Beneath this line is the data. Output exactly the lines from the line with "The Bondi Men’s" to the line with "Vintage 1980s Fido", both ends included, and nothing more.
== Available data ==
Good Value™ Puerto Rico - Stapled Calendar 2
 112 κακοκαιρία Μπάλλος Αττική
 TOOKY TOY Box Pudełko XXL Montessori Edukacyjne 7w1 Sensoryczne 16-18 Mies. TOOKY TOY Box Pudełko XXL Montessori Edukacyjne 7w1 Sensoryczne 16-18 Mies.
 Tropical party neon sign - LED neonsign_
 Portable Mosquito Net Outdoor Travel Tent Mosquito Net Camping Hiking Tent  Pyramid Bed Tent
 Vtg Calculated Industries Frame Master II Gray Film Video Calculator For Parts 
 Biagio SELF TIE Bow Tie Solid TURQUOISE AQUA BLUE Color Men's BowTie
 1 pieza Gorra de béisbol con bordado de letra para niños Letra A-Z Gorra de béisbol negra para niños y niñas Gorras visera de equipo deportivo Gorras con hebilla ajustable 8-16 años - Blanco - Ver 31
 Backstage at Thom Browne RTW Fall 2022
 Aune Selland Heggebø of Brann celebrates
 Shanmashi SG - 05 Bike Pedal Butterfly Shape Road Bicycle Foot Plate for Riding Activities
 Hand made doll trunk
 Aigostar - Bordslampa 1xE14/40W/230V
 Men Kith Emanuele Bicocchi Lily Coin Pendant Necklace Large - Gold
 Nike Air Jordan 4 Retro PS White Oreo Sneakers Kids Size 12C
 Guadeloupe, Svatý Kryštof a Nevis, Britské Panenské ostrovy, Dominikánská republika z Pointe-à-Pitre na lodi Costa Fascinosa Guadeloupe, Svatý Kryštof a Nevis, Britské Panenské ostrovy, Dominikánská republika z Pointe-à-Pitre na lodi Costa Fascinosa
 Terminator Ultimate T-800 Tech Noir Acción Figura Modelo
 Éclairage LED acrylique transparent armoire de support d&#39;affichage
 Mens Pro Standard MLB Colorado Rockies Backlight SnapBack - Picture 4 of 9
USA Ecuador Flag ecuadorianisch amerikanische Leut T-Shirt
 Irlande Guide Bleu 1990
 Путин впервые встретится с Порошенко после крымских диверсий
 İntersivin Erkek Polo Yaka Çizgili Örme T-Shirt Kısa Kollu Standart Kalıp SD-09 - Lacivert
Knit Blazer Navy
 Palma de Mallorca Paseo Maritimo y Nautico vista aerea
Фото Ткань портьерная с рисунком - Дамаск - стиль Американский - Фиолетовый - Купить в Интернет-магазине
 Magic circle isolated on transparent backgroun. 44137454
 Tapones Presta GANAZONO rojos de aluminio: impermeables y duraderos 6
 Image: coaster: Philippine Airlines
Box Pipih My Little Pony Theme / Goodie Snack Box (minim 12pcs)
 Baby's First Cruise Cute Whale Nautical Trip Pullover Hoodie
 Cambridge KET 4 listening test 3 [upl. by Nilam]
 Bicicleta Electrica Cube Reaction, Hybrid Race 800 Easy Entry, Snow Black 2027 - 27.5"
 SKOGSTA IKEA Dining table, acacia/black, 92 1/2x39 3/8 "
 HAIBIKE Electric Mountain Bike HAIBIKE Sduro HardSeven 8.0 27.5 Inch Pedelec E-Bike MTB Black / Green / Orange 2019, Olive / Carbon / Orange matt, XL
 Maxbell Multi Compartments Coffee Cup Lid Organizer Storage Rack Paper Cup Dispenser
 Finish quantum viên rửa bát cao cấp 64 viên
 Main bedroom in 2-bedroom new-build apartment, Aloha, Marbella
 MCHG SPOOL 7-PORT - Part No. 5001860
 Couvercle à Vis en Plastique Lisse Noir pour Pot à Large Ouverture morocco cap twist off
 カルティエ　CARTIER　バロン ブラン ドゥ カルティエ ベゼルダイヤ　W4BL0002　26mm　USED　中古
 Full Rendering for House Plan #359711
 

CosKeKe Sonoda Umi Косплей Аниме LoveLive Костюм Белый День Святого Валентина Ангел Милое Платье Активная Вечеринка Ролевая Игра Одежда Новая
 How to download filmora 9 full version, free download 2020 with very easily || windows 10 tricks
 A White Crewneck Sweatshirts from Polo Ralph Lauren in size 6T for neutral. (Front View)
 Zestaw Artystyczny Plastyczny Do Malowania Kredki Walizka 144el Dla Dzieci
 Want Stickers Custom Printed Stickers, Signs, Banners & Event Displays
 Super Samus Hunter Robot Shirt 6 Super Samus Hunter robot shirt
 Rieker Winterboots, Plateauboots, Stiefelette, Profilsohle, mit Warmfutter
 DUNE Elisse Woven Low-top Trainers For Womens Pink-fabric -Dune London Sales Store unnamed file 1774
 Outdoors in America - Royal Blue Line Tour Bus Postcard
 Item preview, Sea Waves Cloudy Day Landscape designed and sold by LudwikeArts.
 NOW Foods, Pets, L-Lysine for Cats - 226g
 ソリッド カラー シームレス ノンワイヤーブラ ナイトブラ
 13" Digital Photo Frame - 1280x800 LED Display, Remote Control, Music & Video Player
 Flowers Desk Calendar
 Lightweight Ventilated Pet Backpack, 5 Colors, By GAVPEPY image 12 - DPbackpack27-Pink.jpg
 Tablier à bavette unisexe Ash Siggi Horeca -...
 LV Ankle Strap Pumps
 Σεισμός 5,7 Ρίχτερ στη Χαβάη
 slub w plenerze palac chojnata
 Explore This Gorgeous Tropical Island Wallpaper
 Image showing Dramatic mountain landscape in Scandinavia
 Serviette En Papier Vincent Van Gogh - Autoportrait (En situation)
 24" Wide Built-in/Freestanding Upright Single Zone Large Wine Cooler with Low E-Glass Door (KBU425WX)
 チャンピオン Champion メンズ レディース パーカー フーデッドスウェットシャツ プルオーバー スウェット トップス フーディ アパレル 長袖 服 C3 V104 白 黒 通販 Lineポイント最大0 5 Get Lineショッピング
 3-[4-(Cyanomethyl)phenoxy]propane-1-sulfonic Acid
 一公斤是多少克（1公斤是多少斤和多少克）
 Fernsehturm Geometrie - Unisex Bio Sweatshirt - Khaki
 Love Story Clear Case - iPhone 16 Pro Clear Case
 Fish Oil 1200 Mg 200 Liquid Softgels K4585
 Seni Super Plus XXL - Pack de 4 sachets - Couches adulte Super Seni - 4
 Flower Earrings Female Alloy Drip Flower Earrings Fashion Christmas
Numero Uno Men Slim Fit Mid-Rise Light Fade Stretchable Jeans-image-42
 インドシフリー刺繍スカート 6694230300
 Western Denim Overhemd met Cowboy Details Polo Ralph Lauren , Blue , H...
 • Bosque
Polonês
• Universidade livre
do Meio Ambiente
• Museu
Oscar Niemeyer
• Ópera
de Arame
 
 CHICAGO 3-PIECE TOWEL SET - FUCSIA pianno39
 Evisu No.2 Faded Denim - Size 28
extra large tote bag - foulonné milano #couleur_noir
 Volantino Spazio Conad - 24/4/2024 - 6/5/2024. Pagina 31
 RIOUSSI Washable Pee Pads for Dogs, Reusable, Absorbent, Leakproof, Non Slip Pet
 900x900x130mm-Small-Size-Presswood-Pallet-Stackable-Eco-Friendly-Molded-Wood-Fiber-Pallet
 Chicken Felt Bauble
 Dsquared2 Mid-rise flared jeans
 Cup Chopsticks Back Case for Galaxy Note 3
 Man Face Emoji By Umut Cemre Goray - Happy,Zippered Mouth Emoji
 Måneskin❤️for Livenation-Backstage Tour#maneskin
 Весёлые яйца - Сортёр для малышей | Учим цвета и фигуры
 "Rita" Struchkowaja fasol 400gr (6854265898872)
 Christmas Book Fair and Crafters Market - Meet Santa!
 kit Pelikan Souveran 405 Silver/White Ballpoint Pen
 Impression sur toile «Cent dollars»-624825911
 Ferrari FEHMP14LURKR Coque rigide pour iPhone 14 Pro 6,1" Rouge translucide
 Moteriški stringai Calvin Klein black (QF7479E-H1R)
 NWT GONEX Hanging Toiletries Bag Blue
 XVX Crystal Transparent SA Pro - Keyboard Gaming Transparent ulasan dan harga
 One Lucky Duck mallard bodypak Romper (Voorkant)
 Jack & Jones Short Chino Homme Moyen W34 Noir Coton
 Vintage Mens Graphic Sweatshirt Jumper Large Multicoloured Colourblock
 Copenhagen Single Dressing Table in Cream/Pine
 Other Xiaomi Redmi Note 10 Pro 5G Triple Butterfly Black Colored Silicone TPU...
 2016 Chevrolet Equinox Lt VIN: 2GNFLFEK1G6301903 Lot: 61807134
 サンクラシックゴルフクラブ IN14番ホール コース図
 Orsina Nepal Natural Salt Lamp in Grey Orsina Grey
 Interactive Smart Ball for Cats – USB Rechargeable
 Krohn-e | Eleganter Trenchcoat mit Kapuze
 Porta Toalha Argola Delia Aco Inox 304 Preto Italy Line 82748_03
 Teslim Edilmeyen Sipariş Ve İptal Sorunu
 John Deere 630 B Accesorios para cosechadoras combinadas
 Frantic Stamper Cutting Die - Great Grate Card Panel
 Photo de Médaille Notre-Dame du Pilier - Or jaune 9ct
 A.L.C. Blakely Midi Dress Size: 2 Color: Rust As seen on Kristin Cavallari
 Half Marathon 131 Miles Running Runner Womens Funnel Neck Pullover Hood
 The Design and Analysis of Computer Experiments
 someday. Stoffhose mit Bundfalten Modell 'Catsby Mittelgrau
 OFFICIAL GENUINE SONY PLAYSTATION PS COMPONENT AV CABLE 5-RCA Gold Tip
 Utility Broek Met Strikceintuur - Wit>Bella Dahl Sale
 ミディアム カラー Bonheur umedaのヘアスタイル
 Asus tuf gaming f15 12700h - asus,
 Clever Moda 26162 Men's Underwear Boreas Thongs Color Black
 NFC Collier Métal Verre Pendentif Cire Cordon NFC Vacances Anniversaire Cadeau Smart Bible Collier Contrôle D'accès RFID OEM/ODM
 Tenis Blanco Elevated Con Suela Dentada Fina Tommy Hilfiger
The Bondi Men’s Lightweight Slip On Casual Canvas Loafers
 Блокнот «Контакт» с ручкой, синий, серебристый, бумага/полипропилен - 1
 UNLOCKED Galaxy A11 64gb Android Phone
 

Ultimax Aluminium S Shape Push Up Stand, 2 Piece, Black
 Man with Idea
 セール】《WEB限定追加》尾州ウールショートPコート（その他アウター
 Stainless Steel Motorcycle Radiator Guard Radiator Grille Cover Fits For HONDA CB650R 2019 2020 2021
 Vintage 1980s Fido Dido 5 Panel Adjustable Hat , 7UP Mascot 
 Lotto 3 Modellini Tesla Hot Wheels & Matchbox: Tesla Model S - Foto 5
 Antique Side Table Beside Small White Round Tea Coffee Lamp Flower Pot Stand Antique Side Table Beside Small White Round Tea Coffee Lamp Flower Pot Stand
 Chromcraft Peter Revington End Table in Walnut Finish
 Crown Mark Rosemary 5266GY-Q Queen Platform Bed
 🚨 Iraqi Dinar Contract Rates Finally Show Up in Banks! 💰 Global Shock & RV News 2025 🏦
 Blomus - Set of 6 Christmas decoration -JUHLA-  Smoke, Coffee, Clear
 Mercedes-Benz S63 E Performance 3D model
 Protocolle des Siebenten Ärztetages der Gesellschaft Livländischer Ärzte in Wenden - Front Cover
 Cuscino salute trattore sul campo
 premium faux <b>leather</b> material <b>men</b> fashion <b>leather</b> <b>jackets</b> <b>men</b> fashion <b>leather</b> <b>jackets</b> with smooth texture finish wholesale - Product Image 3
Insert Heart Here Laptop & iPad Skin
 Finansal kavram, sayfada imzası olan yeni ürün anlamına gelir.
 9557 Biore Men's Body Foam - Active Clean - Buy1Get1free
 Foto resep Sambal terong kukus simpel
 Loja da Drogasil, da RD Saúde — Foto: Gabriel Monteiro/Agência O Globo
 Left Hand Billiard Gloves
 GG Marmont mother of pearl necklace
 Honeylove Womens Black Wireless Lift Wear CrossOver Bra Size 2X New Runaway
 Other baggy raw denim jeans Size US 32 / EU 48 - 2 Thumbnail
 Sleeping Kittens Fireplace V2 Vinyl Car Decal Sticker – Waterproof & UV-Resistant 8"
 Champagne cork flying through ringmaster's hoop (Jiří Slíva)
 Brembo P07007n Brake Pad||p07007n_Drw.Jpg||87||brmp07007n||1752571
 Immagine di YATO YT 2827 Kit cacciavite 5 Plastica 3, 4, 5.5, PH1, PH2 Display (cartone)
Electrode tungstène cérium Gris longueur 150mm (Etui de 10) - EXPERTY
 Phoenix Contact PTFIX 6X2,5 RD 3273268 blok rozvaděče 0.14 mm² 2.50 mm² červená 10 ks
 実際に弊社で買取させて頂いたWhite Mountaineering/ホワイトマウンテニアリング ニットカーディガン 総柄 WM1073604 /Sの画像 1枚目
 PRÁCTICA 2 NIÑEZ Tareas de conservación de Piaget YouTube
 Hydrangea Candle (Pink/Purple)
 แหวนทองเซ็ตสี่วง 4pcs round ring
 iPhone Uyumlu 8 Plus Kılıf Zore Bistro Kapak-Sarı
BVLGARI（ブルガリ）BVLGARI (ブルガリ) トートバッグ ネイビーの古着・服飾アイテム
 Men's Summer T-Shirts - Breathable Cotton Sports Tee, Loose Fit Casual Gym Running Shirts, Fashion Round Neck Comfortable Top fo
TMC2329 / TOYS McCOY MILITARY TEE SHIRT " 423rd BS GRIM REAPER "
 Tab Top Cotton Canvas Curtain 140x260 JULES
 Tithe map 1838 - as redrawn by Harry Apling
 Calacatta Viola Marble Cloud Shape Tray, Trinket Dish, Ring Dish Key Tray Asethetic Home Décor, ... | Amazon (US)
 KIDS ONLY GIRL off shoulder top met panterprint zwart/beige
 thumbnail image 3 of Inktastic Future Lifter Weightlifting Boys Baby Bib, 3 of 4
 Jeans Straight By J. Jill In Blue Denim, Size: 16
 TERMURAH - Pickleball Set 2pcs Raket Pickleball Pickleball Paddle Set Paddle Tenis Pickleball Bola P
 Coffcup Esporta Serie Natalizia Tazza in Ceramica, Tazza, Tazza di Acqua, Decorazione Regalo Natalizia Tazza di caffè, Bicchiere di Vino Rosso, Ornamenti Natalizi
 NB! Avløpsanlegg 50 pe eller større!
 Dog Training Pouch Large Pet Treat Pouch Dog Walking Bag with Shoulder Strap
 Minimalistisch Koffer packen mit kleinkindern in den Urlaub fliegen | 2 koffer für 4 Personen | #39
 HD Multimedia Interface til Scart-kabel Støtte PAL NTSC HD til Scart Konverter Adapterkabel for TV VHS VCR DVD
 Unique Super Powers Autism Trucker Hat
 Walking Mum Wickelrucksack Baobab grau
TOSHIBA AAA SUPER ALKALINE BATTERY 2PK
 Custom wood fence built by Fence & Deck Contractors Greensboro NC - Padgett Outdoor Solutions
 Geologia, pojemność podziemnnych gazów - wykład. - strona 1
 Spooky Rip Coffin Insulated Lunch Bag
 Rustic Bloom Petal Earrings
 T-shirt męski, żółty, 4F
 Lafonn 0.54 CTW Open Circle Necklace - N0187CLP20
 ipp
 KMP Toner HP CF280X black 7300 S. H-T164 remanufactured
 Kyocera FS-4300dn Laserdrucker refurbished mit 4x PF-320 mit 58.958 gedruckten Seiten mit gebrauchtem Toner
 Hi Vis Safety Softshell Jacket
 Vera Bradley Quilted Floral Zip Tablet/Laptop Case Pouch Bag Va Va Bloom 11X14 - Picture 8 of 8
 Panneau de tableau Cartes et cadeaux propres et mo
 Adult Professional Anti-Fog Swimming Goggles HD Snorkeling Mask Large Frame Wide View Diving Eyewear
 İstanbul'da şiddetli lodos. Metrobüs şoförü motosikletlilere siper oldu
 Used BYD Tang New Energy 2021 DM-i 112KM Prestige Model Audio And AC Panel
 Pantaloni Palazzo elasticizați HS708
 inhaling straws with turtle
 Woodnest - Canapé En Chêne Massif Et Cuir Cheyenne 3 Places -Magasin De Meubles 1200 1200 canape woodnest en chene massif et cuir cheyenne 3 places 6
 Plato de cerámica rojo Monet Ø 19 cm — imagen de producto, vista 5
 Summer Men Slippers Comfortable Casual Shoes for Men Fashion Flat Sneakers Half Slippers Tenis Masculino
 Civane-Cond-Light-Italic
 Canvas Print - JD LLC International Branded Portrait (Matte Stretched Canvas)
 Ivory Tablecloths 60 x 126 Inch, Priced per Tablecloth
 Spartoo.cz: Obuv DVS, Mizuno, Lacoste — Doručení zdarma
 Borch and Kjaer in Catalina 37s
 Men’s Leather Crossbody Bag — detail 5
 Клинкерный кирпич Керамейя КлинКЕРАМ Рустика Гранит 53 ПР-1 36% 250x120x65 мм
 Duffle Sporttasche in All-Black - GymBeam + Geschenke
===
Result of the task:
The Bondi Men’s Lightweight Slip On Casual Canvas Loafers
 Блокнот «Контакт» с ручкой, синий, серебристый, бумага/полипропилен - 1
 UNLOCKED Galaxy A11 64gb Android Phone
 

Ultimax Aluminium S Shape Push Up Stand, 2 Piece, Black
 Man with Idea
 セール】《WEB限定追加》尾州ウールショートPコート（その他アウター
 Stainless Steel Motorcycle Radiator Guard Radiator Grille Cover Fits For HONDA CB650R 2019 2020 2021
 Vintage 1980s Fido Dido 5 Panel Adjustable Hat , 7UP Mascot 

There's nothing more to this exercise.